%%

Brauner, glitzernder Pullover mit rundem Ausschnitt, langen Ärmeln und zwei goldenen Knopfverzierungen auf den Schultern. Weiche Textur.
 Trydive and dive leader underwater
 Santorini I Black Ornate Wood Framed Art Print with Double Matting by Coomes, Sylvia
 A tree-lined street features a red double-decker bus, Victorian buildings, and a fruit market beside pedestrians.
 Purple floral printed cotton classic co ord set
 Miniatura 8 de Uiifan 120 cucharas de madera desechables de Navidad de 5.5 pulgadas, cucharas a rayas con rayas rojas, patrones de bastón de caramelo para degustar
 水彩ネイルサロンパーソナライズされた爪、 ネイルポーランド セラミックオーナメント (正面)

%%

What is expected: Print every record above exactly as it stands.

Output for this exercise:
Brauner, glitzernder Pullover mit rundem Ausschnitt, langen Ärmeln und zwei goldenen Knopfverzierungen auf den Schultern. Weiche Textur.
 Trydive and dive leader underwater
 Santorini I Black Ornate Wood Framed Art Print with Double Matting by Coomes, Sylvia
 A tree-lined street features a red double-decker bus, Victorian buildings, and a fruit market beside pedestrians.
 Purple floral printed cotton classic co ord set
 Miniatura 8 de Uiifan 120 cucharas de madera desechables de Navidad de 5.5 pulgadas, cucharas a rayas con rayas rojas, patrones de bastón de caramelo para degustar
 水彩ネイルサロンパーソナライズされた爪、 ネイルポーランド セラミックオーナメント (正面)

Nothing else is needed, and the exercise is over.